Introduction
Analysing biodiversity patterns is fundamental to understanding the underlying processes and causes of diversification (Holt et al. 2013). In comparison to plants and vertebrates, arthropods are fragmentarily known and lack comprehensive comparative data (Decaëns 2010; Beck and Kitching 2007; Stork et al. 2015; Nielsen 2019). This is particularly true for biodiversity hotspots (Myers et al. 2000). Restricted dispersal capacities of arthropods (Gálvez-Reyes et al. 2020) and their occurrence in micro-niches result in fine scale high endemism and still unknown patterns (Buckley and Jets 2007; Daru et al. 2020; Baselga et al. 2022). However, data on arthropod biodiversity rely on museum collections and suffer largely from sampling bias (Santos and Quicke 2011; Echevarría Ramos and Hulshof 2019). This is true for even relatively large-bodied taxa such as phytophagous scarab beetles (Coleoptera: Scarabaeidae).

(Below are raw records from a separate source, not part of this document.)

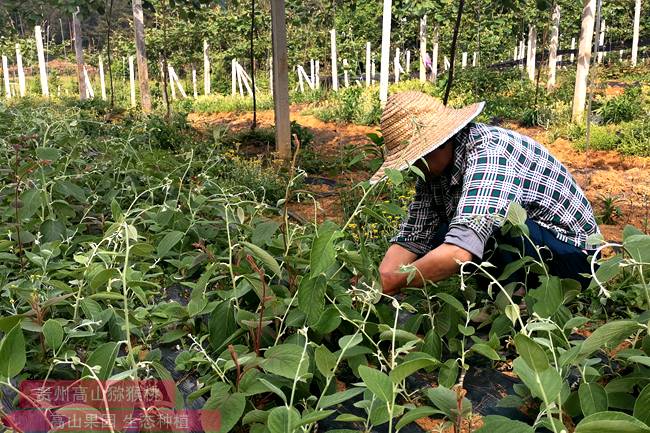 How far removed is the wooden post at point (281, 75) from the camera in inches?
206

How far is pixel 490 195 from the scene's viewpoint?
187 centimetres

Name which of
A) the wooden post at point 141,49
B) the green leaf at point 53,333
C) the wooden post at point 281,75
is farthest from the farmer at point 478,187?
the wooden post at point 141,49

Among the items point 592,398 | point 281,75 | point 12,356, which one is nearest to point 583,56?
point 281,75

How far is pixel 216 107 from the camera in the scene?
1557cm

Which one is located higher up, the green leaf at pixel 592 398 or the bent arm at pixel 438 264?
the bent arm at pixel 438 264

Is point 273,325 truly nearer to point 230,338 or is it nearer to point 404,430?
point 230,338

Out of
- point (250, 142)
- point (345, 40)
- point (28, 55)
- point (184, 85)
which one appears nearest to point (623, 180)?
point (250, 142)

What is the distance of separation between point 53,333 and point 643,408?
4.05 feet

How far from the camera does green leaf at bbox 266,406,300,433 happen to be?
41.4 inches

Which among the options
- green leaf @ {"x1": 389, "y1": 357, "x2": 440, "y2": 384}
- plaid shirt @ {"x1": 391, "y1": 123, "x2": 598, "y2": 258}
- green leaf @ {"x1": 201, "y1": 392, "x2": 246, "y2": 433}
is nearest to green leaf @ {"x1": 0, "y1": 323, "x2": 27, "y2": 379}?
green leaf @ {"x1": 201, "y1": 392, "x2": 246, "y2": 433}

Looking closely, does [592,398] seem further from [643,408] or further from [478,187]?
[478,187]

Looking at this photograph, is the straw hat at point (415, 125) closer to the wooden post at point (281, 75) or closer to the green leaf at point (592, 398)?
the green leaf at point (592, 398)

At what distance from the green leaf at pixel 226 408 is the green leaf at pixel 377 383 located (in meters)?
0.33

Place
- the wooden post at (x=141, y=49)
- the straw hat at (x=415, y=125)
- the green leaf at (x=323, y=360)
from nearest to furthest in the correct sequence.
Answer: the green leaf at (x=323, y=360), the straw hat at (x=415, y=125), the wooden post at (x=141, y=49) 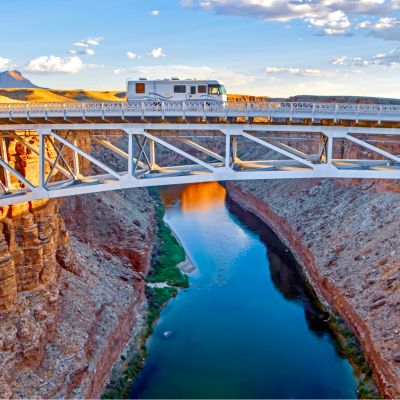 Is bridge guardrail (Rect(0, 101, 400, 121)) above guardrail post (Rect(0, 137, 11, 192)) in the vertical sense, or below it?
above

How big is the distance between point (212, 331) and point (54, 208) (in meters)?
11.8

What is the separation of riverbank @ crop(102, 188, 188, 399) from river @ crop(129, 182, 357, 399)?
484 mm

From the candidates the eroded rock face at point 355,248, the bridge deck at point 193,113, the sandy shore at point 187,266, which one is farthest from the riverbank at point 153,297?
the bridge deck at point 193,113

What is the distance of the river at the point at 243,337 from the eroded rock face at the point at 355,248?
1693 millimetres

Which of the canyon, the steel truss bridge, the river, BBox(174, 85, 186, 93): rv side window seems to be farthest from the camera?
BBox(174, 85, 186, 93): rv side window

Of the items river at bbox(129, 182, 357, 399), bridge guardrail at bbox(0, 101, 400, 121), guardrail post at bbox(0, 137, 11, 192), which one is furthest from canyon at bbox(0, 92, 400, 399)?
river at bbox(129, 182, 357, 399)

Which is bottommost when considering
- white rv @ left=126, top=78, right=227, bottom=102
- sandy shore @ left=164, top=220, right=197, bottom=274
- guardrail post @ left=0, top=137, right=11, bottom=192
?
sandy shore @ left=164, top=220, right=197, bottom=274

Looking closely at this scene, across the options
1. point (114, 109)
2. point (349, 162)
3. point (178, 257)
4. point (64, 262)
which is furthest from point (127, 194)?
point (349, 162)

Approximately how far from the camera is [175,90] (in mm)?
22312

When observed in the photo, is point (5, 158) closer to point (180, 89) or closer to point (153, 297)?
point (180, 89)

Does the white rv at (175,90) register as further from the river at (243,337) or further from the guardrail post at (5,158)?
the river at (243,337)

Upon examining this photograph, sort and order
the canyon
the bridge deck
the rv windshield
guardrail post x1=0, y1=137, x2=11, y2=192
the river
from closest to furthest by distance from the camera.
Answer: the canyon < the bridge deck < guardrail post x1=0, y1=137, x2=11, y2=192 < the river < the rv windshield

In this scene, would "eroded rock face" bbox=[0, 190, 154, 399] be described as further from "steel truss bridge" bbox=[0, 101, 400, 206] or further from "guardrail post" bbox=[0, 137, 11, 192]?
"steel truss bridge" bbox=[0, 101, 400, 206]

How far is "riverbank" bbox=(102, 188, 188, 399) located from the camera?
2034 cm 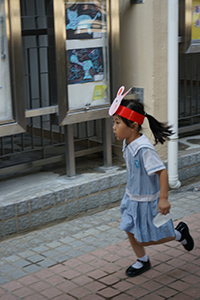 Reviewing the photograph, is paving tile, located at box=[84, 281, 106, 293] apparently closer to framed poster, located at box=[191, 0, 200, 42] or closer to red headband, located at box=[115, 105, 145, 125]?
red headband, located at box=[115, 105, 145, 125]

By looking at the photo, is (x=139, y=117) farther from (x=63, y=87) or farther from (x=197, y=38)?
(x=197, y=38)

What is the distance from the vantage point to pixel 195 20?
258 inches

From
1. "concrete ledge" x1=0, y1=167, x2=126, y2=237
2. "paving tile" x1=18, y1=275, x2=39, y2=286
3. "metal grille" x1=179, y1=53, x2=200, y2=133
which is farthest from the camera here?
"metal grille" x1=179, y1=53, x2=200, y2=133

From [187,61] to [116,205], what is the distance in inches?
120

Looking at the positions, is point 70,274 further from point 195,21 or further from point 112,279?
point 195,21

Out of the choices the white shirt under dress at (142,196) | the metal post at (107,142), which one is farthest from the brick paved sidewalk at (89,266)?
the metal post at (107,142)

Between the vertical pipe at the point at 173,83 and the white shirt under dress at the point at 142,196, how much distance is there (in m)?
2.31

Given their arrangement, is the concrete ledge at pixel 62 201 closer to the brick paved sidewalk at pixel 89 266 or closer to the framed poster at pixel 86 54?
the brick paved sidewalk at pixel 89 266

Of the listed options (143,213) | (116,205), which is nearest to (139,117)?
(143,213)

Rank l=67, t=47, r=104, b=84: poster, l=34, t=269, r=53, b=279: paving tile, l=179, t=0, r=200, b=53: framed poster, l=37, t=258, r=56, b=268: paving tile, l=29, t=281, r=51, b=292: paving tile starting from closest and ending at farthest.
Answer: l=29, t=281, r=51, b=292: paving tile → l=34, t=269, r=53, b=279: paving tile → l=37, t=258, r=56, b=268: paving tile → l=67, t=47, r=104, b=84: poster → l=179, t=0, r=200, b=53: framed poster

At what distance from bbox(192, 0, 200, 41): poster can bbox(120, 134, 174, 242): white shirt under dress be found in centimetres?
334

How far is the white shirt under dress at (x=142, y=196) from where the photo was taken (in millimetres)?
3684

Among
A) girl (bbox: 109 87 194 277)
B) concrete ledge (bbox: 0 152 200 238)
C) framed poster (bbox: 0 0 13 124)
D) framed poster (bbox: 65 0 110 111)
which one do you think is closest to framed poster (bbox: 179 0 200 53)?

Diversity patterns of phytophagous beetles are known to be generally linked to species turnover of their host plants (Ødegaard 2006; Kemp et al. 2017; Luo et al. 2021) and their distribution is correlated with the region and forest type (Yotkham et al. 2021). Other guilds, such as dung feeding beetles, respond to shade cover rather than plant species composition. Further, their occurrence and relative abundance vary according as responses to microclimate (light intensity, temperature, humidity) (Davis et al. 2013) or other factors (rainfall, temperature, and host density/diversity) varying from regional to local scale in relation to actual local functional ecological conditions (Tshikae et al. 2013). Such correlation of occurrence and abundance with environmental conditions, suggest that a strong role of lineage- or species-specific traits such as dispersal capabilities or body size determines local community composition (Murria et al. 2017). Insect body size is modulated by many climatic factors along species ranges, especially when they are distributed across climatic gradients at large spatial scales (Lira et al. 2021; Romero et al. 2016; Brehm et al. 2019). Changes in body size may affect fertility, lifespan, population dynamics, and species composition (Garcia-Robledo et al. 2020).
In contrast to most other herbivore insects being rather host-specific, phytophagous scarab chafers (Coleoptera: Scarabaeidae), with ca 30,000 extant species worldwide, feed unspecifically on leaves of a vast variety of angiosperm plants as adults, on soil humus or roots as larvae (Ritcher 1958). They have had a very successful follow-up evolution with angiosperms (Ahrens et al. 2014). However, very little is known about their actual assemblages responding to habitat differences (Eberle et al. 2017). since only few studies have comparatively investigated their quantitative composition (Ahrens et al. 2009; García Lopez et al. 2010, 2013), and often these studies include either only a part of the assemblage (Ahrens et al. 2007), and/or consider separate localities rather than habitats (Ahrens et al. 2009; García-Lopez et al. 2013).
To close this gap, we investigated here patterns of species diversity and turnover in tropical phytophagous chafers in Sri Lanka, a global biodiversity hotspot (Myers 2000) across different forest types, elevation zones, localities, and habitats. We attempt to explore to which extent each of these spatial components determines assemblage composition. In this context, we also assessed their influence on different lineages and the role of body size in shaping species composition. If body size (as proxy of dispersal capability) had an impact on assemblage composition, we would expect contrasting patterns between entities of different spatial scales between smaller and larger species assemblies, also in respect to phylogenetically partitioned assemblages. This way, we expect to elucidate the dynamics of community assembly and differentiation and to explain the high species richness and endemism in tropical chafers.